:: TASK PROMPT ::
An exact copy of all the data is needed, with every picture left out.

:: SUPPLIED MATERIAL ::
┏━━

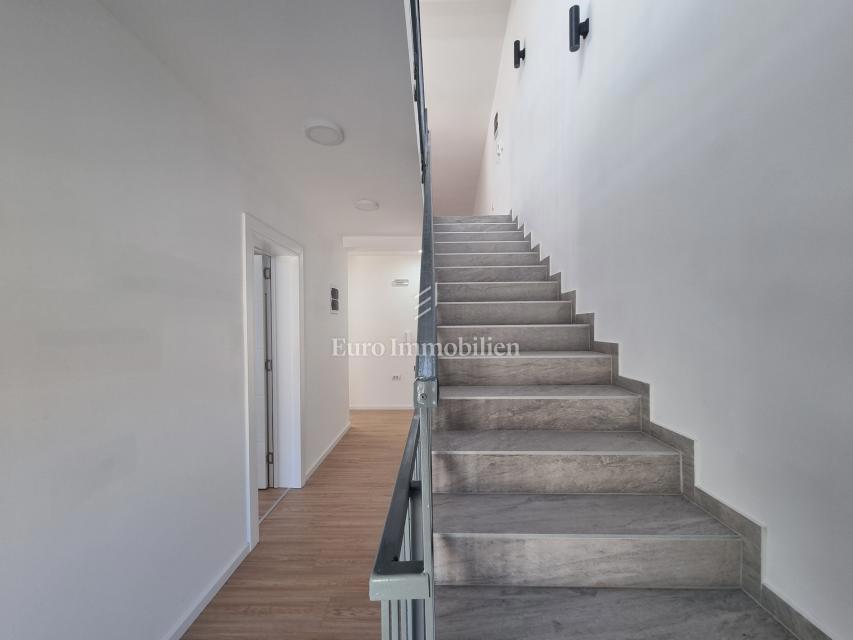 Poreč - Dvojček z 200 m2 vrta, 1,5 km od morja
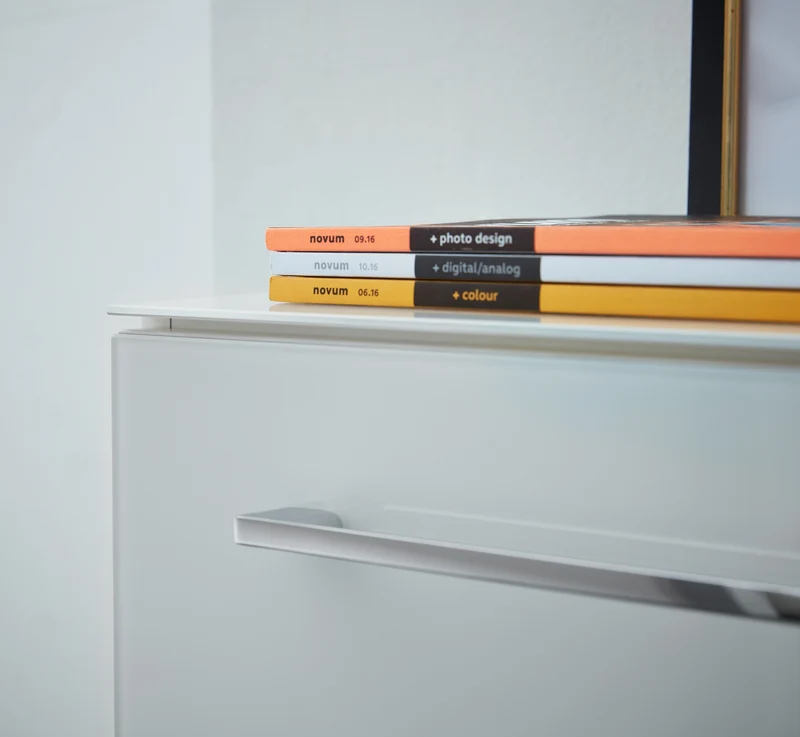Büro-Set 5-teilig | Glasfront Abschließbar Soft-Close | Schreibtisch, Container, 2 Schränke, Regal
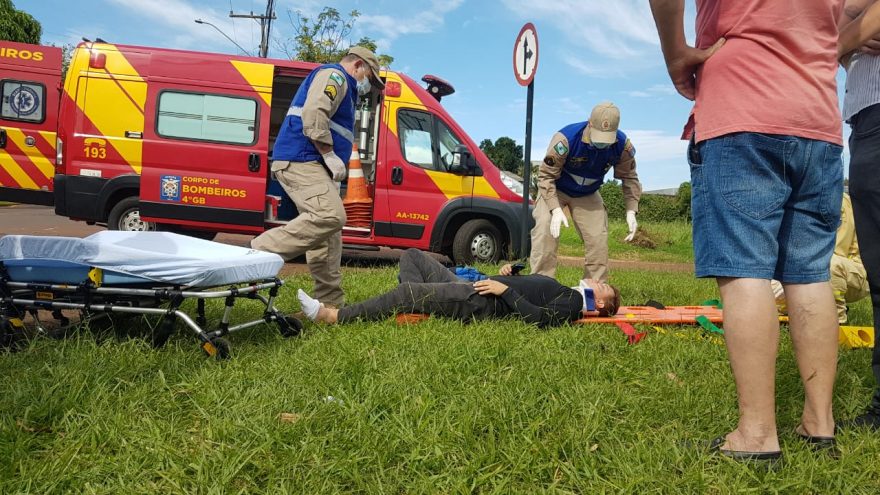 Motociclista tem suspeita de fratura no pé após sofrer acidente no Coqueiral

┗━━

:: ANSWER SPACE ::
 Poreč - Dvojček z 200 m2 vrta, 1,5 km od morja
Büro-Set 5-teilig | Glasfront Abschließbar Soft-Close | Schreibtisch, Container, 2 Schränke, Regal
 Motociclista tem suspeita de fratura no pé após sofrer acidente no Coqueiral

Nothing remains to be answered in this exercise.